Where the records below reach the line containing "Jazeera Cameraman Killed", start transcribing, and end with the line containing "2025 Volkswagen Jetta", exactly and with nothing else added.

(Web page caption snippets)
Segment Open

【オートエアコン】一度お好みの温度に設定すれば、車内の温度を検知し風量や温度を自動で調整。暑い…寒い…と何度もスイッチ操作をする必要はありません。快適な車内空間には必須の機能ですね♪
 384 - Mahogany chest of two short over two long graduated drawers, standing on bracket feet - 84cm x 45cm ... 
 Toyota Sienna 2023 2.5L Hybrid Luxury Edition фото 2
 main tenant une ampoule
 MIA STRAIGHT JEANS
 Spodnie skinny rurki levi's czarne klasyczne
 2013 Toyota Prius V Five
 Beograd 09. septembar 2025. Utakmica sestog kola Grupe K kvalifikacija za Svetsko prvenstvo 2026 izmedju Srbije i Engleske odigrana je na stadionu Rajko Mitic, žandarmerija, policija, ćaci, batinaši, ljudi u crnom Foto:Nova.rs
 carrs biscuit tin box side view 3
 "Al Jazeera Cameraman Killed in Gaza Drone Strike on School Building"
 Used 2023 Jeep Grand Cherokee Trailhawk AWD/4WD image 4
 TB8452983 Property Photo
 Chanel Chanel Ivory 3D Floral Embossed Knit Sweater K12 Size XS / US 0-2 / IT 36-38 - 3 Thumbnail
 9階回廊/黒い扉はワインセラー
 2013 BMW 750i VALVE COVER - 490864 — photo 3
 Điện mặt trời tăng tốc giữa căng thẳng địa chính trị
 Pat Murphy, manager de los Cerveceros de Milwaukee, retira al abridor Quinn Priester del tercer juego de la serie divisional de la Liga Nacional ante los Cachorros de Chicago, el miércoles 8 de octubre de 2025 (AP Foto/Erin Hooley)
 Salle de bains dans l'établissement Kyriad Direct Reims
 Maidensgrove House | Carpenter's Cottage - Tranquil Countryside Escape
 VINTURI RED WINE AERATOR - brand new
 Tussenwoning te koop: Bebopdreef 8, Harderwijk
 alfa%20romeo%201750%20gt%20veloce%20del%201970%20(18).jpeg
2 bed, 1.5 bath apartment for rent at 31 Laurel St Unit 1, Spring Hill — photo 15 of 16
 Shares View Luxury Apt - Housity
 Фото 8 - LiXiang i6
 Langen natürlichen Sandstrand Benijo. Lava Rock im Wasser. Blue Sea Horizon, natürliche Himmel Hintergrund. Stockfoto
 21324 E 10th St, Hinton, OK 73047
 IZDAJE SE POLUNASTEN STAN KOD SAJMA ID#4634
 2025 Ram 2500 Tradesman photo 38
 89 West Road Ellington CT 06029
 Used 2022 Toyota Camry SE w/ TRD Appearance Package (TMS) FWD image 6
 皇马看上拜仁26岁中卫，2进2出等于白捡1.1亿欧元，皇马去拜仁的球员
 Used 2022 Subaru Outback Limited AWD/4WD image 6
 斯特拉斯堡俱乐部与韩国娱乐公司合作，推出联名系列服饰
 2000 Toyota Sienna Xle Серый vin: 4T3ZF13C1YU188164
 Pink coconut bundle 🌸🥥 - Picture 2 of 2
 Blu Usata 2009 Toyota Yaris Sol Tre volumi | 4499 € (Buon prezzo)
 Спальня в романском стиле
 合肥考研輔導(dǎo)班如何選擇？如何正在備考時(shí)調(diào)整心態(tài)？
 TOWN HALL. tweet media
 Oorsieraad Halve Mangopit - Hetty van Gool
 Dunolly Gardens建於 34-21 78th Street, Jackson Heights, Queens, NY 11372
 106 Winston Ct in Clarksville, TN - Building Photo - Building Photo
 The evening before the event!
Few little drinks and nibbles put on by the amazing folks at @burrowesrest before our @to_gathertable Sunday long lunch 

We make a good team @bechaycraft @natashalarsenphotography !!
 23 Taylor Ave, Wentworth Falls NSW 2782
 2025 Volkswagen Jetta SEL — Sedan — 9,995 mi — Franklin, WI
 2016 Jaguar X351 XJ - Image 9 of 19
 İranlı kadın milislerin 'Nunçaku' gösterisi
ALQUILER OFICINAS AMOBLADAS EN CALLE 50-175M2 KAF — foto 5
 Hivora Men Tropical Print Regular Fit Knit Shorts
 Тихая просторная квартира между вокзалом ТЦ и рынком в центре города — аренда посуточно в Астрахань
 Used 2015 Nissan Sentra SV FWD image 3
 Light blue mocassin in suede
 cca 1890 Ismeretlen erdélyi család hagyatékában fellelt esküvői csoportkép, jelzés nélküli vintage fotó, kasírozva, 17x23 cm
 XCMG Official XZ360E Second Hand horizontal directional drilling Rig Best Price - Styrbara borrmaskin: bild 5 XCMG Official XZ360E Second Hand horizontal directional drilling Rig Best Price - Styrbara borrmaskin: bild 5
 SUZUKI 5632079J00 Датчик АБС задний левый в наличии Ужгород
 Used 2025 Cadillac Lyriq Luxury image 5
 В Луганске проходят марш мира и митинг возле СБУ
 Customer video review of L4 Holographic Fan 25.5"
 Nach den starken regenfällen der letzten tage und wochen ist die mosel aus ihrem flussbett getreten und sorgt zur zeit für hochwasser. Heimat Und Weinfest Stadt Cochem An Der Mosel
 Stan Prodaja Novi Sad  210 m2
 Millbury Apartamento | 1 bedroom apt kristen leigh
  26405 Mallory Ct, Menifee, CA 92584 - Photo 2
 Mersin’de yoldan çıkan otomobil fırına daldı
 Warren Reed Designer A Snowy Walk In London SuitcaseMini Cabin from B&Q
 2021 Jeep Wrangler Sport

Segment Closed

ANSWER TO THE EXERCISE
 "Al Jazeera Cameraman Killed in Gaza Drone Strike on School Building"
 Used 2023 Jeep Grand Cherokee Trailhawk AWD/4WD image 4
 TB8452983 Property Photo
 Chanel Chanel Ivory 3D Floral Embossed Knit Sweater K12 Size XS / US 0-2 / IT 36-38 - 3 Thumbnail
 9階回廊/黒い扉はワインセラー
 2013 BMW 750i VALVE COVER - 490864 — photo 3
 Điện mặt trời tăng tốc giữa căng thẳng địa chính trị
 Pat Murphy, manager de los Cerveceros de Milwaukee, retira al abridor Quinn Priester del tercer juego de la serie divisional de la Liga Nacional ante los Cachorros de Chicago, el miércoles 8 de octubre de 2025 (AP Foto/Erin Hooley)
 Salle de bains dans l'établissement Kyriad Direct Reims
 Maidensgrove House | Carpenter's Cottage - Tranquil Countryside Escape
 VINTURI RED WINE AERATOR - brand new
 Tussenwoning te koop: Bebopdreef 8, Harderwijk
 alfa%20romeo%201750%20gt%20veloce%20del%201970%20(18).jpeg
2 bed, 1.5 bath apartment for rent at 31 Laurel St Unit 1, Spring Hill — photo 15 of 16
 Shares View Luxury Apt - Housity
 Фото 8 - LiXiang i6
 Langen natürlichen Sandstrand Benijo. Lava Rock im Wasser. Blue Sea Horizon, natürliche Himmel Hintergrund. Stockfoto
 21324 E 10th St, Hinton, OK 73047
 IZDAJE SE POLUNASTEN STAN KOD SAJMA ID#4634
 2025 Ram 2500 Tradesman photo 38
 89 West Road Ellington CT 06029
 Used 2022 Toyota Camry SE w/ TRD Appearance Package (TMS) FWD image 6
 皇马看上拜仁26岁中卫，2进2出等于白捡1.1亿欧元，皇马去拜仁的球员
 Used 2022 Subaru Outback Limited AWD/4WD image 6
 斯特拉斯堡俱乐部与韩国娱乐公司合作，推出联名系列服饰
 2000 Toyota Sienna Xle Серый vin: 4T3ZF13C1YU188164
 Pink coconut bundle 🌸🥥 - Picture 2 of 2
 Blu Usata 2009 Toyota Yaris Sol Tre volumi | 4499 € (Buon prezzo)
 Спальня в романском стиле
 合肥考研輔導(dǎo)班如何選擇？如何正在備考時(shí)調(diào)整心態(tài)？
 TOWN HALL. tweet media
 Oorsieraad Halve Mangopit - Hetty van Gool
 Dunolly Gardens建於 34-21 78th Street, Jackson Heights, Queens, NY 11372
 106 Winston Ct in Clarksville, TN - Building Photo - Building Photo
 The evening before the event!
Few little drinks and nibbles put on by the amazing folks at @burrowesrest before our @to_gathertable Sunday long lunch 

We make a good team @bechaycraft @natashalarsenphotography !!
 23 Taylor Ave, Wentworth Falls NSW 2782
 2025 Volkswagen Jetta SEL — Sedan — 9,995 mi — Franklin, WI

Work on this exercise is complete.